Murray Hall: Forever in our hearts
It was a shithole, but it was our shithole
It’s been nearly two years since Murray Hall was reduced to a pile of rubble.
And let’s be honest, a pile of rubble would probably have made a better home than the breeze block favela that was Murray Hall.
These days Murray veterans are taunted by the sight of Beech every time they stroll around campus, left with only sweet memories and a touch of liver failure for comfort.
For those not lucky enough to experience its debauchery think what Geddes would be like if a bomb hit it. From squirrels stealing your food to windows literally just falling out of their frames Murray really did have it all, with the odd bat making itself at home for good measure.
But for all its faults, hundreds of freshers were given the honour of calling Murray home. The person who stayed in my room the year before me left a friendly engraving on one of my shelves: “This will be the best year of your life.”

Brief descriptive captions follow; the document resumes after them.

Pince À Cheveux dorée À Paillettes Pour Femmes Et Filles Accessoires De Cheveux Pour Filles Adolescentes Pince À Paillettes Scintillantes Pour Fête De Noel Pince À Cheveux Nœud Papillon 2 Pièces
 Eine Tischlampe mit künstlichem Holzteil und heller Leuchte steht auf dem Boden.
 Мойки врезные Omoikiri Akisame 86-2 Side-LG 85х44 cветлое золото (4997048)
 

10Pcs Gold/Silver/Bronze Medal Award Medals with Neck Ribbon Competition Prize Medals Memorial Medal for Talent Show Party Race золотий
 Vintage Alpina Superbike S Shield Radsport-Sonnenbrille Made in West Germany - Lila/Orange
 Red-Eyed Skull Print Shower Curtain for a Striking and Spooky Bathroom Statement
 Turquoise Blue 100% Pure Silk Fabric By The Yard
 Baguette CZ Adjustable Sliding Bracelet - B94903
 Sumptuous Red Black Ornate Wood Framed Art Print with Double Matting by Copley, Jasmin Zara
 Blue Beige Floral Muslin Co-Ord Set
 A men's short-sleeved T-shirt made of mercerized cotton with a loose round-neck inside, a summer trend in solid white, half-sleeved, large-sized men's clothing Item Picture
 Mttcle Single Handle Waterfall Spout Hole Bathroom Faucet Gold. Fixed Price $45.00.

And I’m not afraid to admit that living in that slum probably was the best year of my life. Many of my fellow residents, now horribly stressed third years, also share fond memories of our time living in the accommodation equivalent of Frosty Jacks – shite, but battle through and you’ll end up having a good time anyway.
Journalism student Amy McCready said: “Although the building was a crumbling shithole, Murray still had a sort of community vibe.
“I’ve had so many good nights spent in the kitchen with everyone. I miss the craic a lot. First year was good because of Murray.”
Third year Psychology student Ciaran Matheson also has fond memories of his Murray social life: “The best thing about Murray Hall was definitely the social side of it – pretty much everyone knew each other.
“You could come back from uni or work and nine times out of 10 – people would be drinking, or doing something. We were hardly ever bored.”
Law student Michael Tunnicliffe, another Murray Hall veteran, said: “I personally loved Murray Hall because it felt like you were part of a community rather than a restricted flat.
“Literally, you would know everyone on each level and each kitchen. There was always somebody doing something so you were never alone!
“Sure, we had to share one shower between 15 people but once you got used to that it was grand.”
Marketing and Sports Studies third year Jamie Haughey did point out some minor flaws: “The fact it reminded me of a prison was nice, 18 people to a kitchen with small locked cubicles in the fridge was a particular highlight.
“The communal showers were always an interesting place to discuss life’s big issues. We had a dying bat in a pile of dishes that had gathered in a box outside of our kitchen.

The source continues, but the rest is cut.